Anyone who has been following me anywhere online knows that I have been researching rape jokes for a few years. I'm finally drafting the article, and I'm stumbling on something. At the start of my article, I list ten sample rape jokes I have collected from television and film over the last twenty years. What do you see as the most legitimate way of citing quotations from TV shows and movies? I'm trying to decide between two ways.
First is citing the actual episode of the TV show or the movie. The journal to which I plan to submit this article wants Chicago-style endnotes, and citing the individual episodes is tricky. The citation starts with the group, performer, or composer. Is that the person who wrote the episode/film? Is it the director? Is it the person who spoke the quotation in question? The one advantage of citing quotations this way is that I am citing the original source, but it's not often a source that people can find easily (such as obscure movies and cancelled TV shows not on DVD). That's another thing, if it's on DVD, do I cite it that way even if I made a note of it fifteen years ago during a broadcast?
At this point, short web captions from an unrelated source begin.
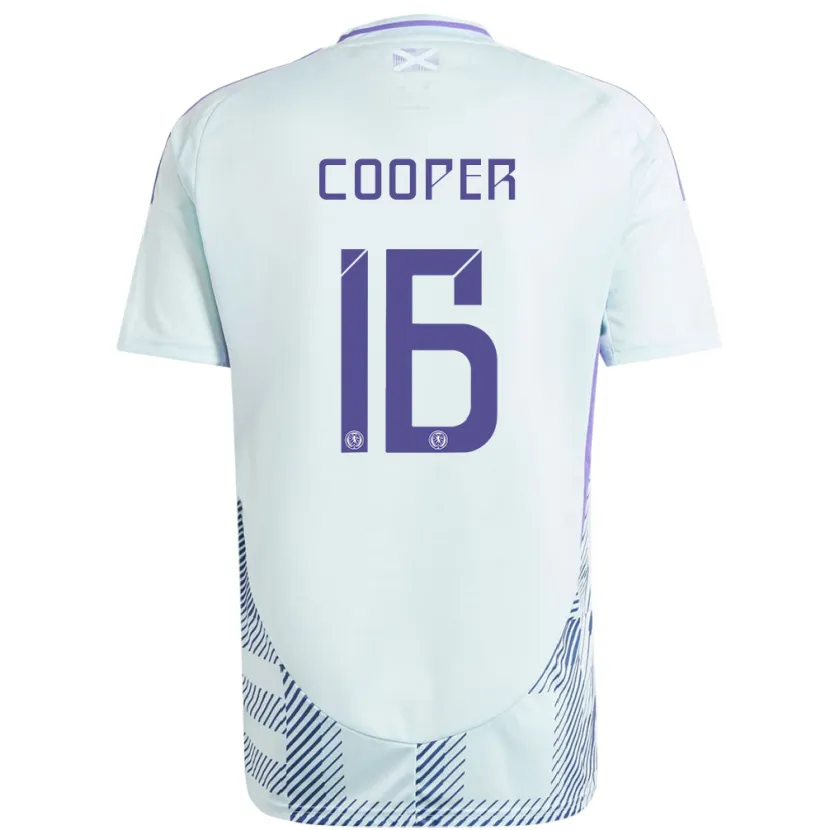 Danxen Børn Skotland Liam Cooper #16 Lys Mynteblå Udebane Spillertrøjer 24-26 Trøje T-Shirt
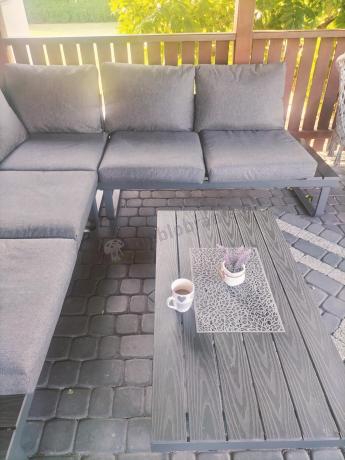 Nowoczesny grafitowy narożnik na taras 220x220cm Panaon Corner - DG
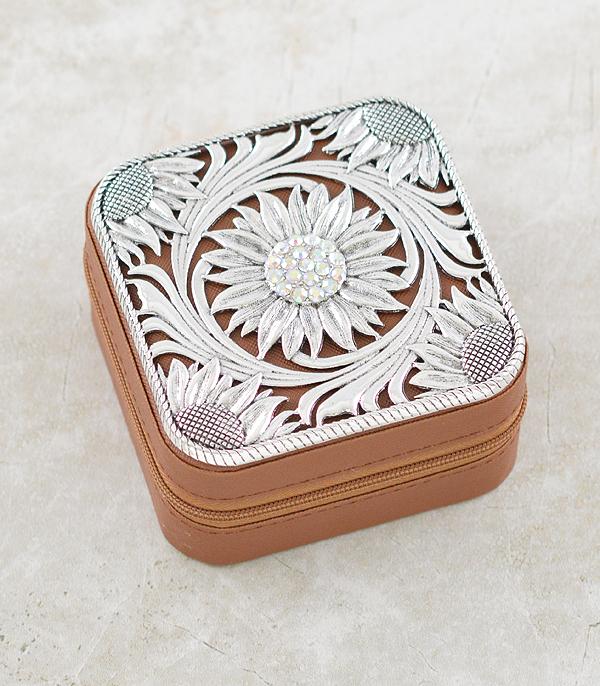 <font color=BLUE>WATCH BAND/ GIFT ITEMS</font> :: GIFT ITEMS :: Wholesale Western Sunflower Mini Jewelry Case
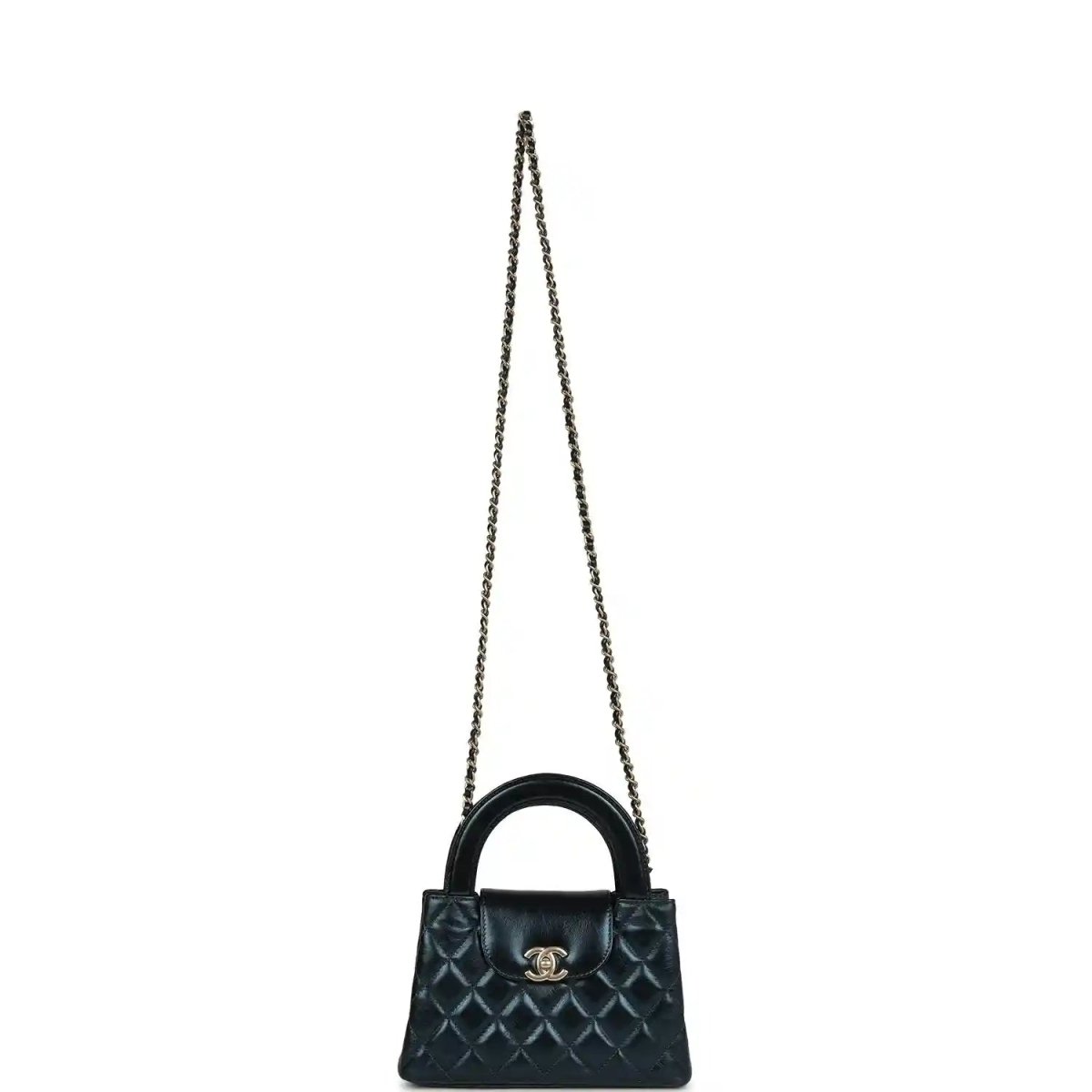 Metallic blue quilted Kelly shopper bag on a chain strap with Chanel logo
Second is citing IMDB quotation pages. I have been keeping notes for years, but I confirmed my notes by referring to IMDB, and I could cite the quotations from there. But that is not necessarily the original source. On one hand, this does show people the actual quotation they can read for themselves. But it also feels a bit like citing Wikipedia. IMDB is credible to me, but would academic readers read it this way?
I should note that I am planning to send it to a rhetoric journal and not a media studies journal, at least not for the first go around. So, rhetoricians, would citing the IMDB page bug you? What about you media scholars? Preferences?
(And if any students are reading this, you can see that professors struggle with citation just like you do.)